Personal information
- Born: July 31, 1968 (age 57) Redlands, California, U.S.
- Height: 6 ft 2 in (1.88 m)
- Weight: 200 lb (91 kg; 14 st)
- Sporting nationality: United States

Career
- College: University of Southern California
- Turned professional: 1990
- Former tours: PGA Tour Nationwide Tour
- Professional wins: 2

Number of wins by tour
- Korn Ferry Tour: 2

= Dave Stockton Jr. =

American professional golfer (born 1968)

Dave Stockton Jr. (born July 31, 1968) is an American professional golfer who played on the PGA Tour and the Nationwide Tour.

== Early life ==
In 1968, Stockton Jr. was born in Redlands, California. Stockton's father, Dave Stockton, was a notable professional golfer. He won the PGA Championship in 1970 and 1976 and was also the United States Ryder Cup captain in 1991.

== Professional career ==
In 1993, Stockton joined the Nike Tour and won two events in his rookie year, the Nike Connecticut Open and the Nike Hawkeye Open. In the fall, Stockton graduated from 1993 PGA Tour Qualifying School.
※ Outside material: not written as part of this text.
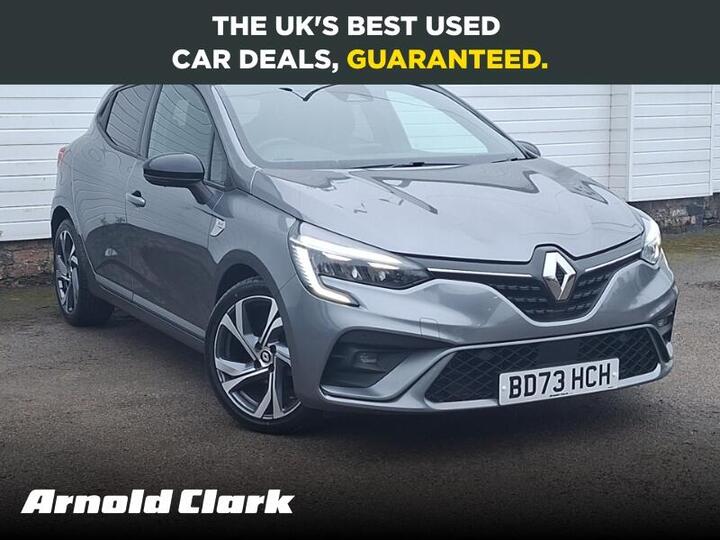 Renault Clio 1.0 TCe RS Line Euro 6 (s/s) 5dr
In his rookie year on the PGA Tour, in 1994, he finished 96th on the money list while recording three top-10 finishes, including finishing in a tie for third twice. The following year he recorded his best finish on the PGA Tour when he finished in a tie for second at the Canon Greater Hartford Open. He finished 124th on the money list, just good enough to retain his card. In 1996, he finished 120th on the money list while recording two top-10 finishes. The following year, 1997, was his first down year on Tour, he finished 146th on the money list, only good enough to retain part-time status on Tour. In 1998, he finished 132nd on the money list but got his Tour card for the following year by going through qualifying school for the second time. In 1999, he struggled to finish in the top 125 again and earned his Tour card through qualifying school for the third time. He finished 140th on the money list in 2000, so he was only able to play part-time in 2001.

He returned to the developmental tour in 2002 and then earned his PGA Tour card for 2003 through qualifying school for the fourth time. He didn't have a good year on Tour and returned to the Nationwide Tour in 2004, his final year on Tour.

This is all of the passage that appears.